Higher channels

十一月 12, 1999

John Davies picks programmes of interest to academics. (All times pm unless stated.) Pick of the week It's a big week for ambitious new Channel 4 series - on country life (Green and Pleasant Land, Sunday), religion (Tempting Faith, Saturday) and, biggest of all, Universe (Monday 9.00). Part one, "Big Bang", hurries through current cosmological thinking on the first few seconds; part two, next week, is about stars.

FRIDAY November 12 Navajo Code Talkers (6.00 History Channel). How a few hundred US Navajo Indians used their language to develop an unbreakable code during the last war.

saturDAY November 13 Tempting Faith (8.00 C4). Start of series on religion in postwar Britain goes from the bombing of Coventry to the Commonwealth immigrants of the 1950s.

Archive Hour: Army of Occupation (8.00 R4). Military historian Richard Holmes on the British soldiers who occupied Germany after the first world war.

Dr Who Night (from 8.55 BBC2). Programmes about the timelord include gerontologist Tom Kirkwood on How to Live Forever (9.45), and Surrey physicist Jim Al-Khalili on How to Build a Tardis (10.25).

Sounding the Century Lecture (10.00 R3). Simon Schama on the future of history.

Play of the Week: The Golden Ass (10.30 World Service, repeated Sunday 6.30). Apuleius's seminal Latin novel adapted.

SUNDAY November 14 Jonathan Dimbleby (1.00 ITV). Interview with David Blunkett.

Desert Rats - The Soldiers' Story (5.00 most regions ITV). Archive and personal testimony from the second world war North African campaign.

The Sunday Feature: Samizdat (5.45 R3). Chris Bowlby on the power of underground literature in communist Czechoslovakia. Later, Timothy Garton Ash recalls the "velvet revolution" and its aftermath in Freedom's Battle (8.00 BBC2).

Green and Pleasant Land (8.00 C4). The harsh realities of rural life - recollections of some of Britain's oldest countrymen and women.

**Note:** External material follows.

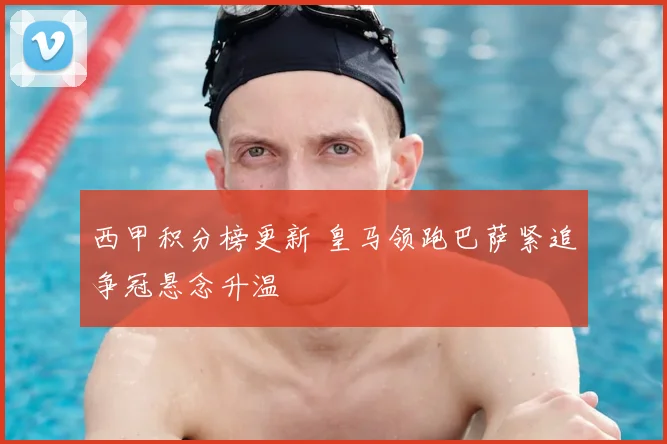 西甲积分榜更新 皇马领跑巴萨紧追争冠悬念升温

MONDAY November 15 Millennium (7.10 BBC2). The 15th century: the Aztecs, the Ottomans, a Chinese admiral, Christopher Columbus and the Italian Renaissance, all in 50 minutes.

Universe (9.00 C4). See above.

TUESDAY November 16 Secrets of the Ancients: The Claw (9.00 BBC2). How did Archimedes devise a machine to lift ships out of the water? In modern Syracuse, Jo da Silva attempts the same, with help from circus constructor Brian Austen and crowds of locals.

Night Waves (9.45 R3). Including discussion on Noel Annan's The Dons.

wedneSDAY November 17 Thinking Allowed (4.00 R4). Bernard Crick talks to Laurie Taylor about citizenship.

Twenty Minutes - Domes of Discovery (8.15 R3). First of three talks by Jonathan Glancey focuses on the Emperor Hadrian's Pantheon. Thursday (7.40) he discusses 18th-century French architect Boullee; Friday (8.20), it is Wren's turn.

ThurSDAY November 18 Melvyn Bragg - In Our Time (9.00am R4). Adam Phillips and Anthony O'Hear on progress.

The Material World (4.30 R4). The latest on robot intelligence, from Owen Holland (Cambridge) and Phil Husbands (Sussex).

Horizon: Volcanoes of the Deep (9.30 BBC2). Underwater volcanoes and the strange creatures that live around them.